Mi sento di concludere questo articolo (che definirei meglio come un sequestro di persona) consigliandovi di leggere assolutamente i libri originali, che poco centrano con l’adattamento televisivo. La trilogia di Shadow and bone, nonostante sia una saga molto acerba, è riuscita ad intrattenermi e, specialmente nei suoi secondo e ultimo volume, ad offrirmi interessanti spunti di riflessione. La dilogia di Sei di Corvi invece è un vero e proprio capolavoro all’interno del panorama Young Adult, che non perde un colpo dall’inizio alla fine: se nella serie TV siete stati conquistati dal carisma di Kaz, Inej, Jesper, Wylan, Nina e Matthias, leggendo delle loro avventure all’interno dei romanzi non potrete fare a meno di innamorarvene definitivamente. Ora non mi resta che iniziare la dilogia di Nikolai per non farmi trovare impreparata nel momento in cui torneremo su questi schermi per parlare della terza stagione!

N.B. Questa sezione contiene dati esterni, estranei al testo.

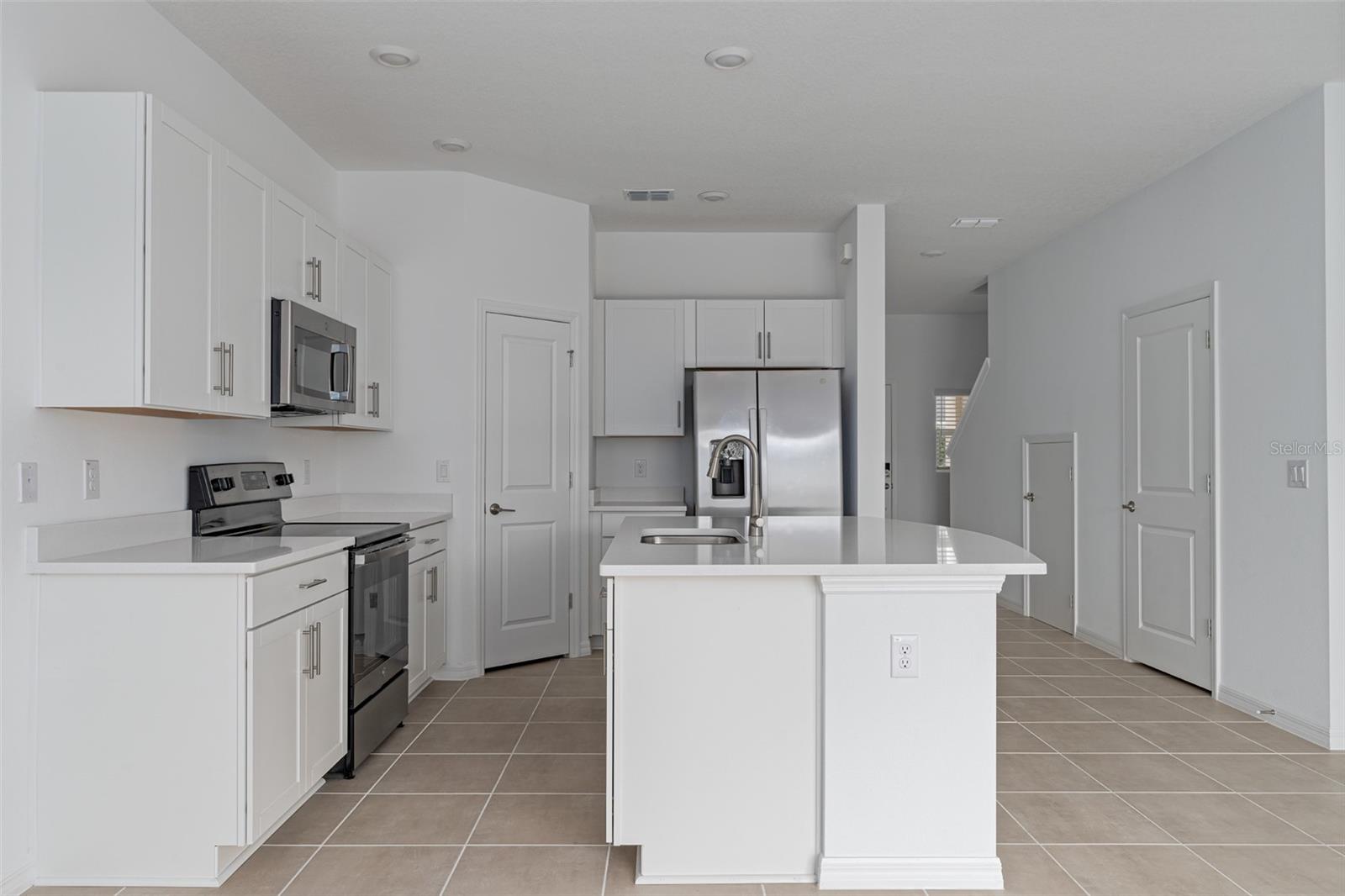 Image 5 of 29 For 11720 Glenside Terrace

In generale sulla parte dei Corvi concordo ma non su quella di Alina perché secondo me manca un passaggio fondamentale: dieci anni di differenza.
Al tempo della pubblicazione dei libri la Bardugo tentò di decostruire lo stereotipo della predestinata e la cosa per quanto mi riguarda le riuscì a metà. Devi essere un genio per decostruire uno stereotipo così complicato e lei in quanto esordiente non ne era in grado allora.
In più per me si rese conto dei limiti di Alina e di Mal come personaggi e la scelta di toglierli dalle scatole fu dovuta più che altro a questa presa di coscienza.
Ora nel 2023 mi chiedo se con tutti i testi che ci sono stati in mezzo sia ancora possibile proporre un personaggio limitato come Alina. E soprattutto un personaggio femminile così estraneo alla politica ora che il discorso politica-donne è così centrale nelle rappresentazioni e nella realtà stessa dei fatti.
La scelta fatta nella serie tv l’ho apprezzata perché penso che se la Bardugo riscrivesse Alina oggi farebbe pure lei la stessa scelta degli showrunner, lo dimostrano i testi che ha scritto in seguito tra cui King of Scars Rule of Wolves, ma se ci pensiamo pure Hell Bent. Un testo come la Grisha Trilogy di base è un testo che non ha saputo trascendere, è invecchiato male e l’intervento in sceneggiatura è stato capillare per questo motivo e sinceramente lo capisco.